(Short text fragments from websites)
▬▬▬▬▬▬
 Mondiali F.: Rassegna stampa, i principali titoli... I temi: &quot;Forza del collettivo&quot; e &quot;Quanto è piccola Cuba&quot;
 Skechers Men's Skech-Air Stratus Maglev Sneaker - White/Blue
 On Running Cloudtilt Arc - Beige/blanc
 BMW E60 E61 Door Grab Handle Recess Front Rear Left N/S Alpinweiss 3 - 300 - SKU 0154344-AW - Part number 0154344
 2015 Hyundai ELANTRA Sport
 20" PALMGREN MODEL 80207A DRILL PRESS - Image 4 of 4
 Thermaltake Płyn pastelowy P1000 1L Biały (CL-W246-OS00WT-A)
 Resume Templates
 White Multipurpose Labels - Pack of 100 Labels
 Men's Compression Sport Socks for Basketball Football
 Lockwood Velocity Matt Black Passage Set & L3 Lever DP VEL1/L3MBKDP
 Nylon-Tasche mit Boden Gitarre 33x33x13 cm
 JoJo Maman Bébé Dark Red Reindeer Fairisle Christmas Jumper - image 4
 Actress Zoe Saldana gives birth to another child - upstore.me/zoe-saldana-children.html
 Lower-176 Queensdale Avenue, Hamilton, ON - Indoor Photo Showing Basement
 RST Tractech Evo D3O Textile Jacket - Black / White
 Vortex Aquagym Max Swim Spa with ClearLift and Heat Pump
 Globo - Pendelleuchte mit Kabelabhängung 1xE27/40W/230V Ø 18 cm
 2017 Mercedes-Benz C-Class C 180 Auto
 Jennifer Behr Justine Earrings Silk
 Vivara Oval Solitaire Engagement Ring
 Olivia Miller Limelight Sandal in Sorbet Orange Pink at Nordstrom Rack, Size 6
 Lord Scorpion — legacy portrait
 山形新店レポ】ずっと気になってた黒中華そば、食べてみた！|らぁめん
▬▬▬▬▬▬
* _Task statement_
The lines that mention the word "White" should be pulled from the records above.

* _Exercise response_
 Skechers Men's Skech-Air Stratus Maglev Sneaker - White/Blue
 White Multipurpose Labels - Pack of 100 Labels
 RST Tractech Evo D3O Textile Jacket - Black / White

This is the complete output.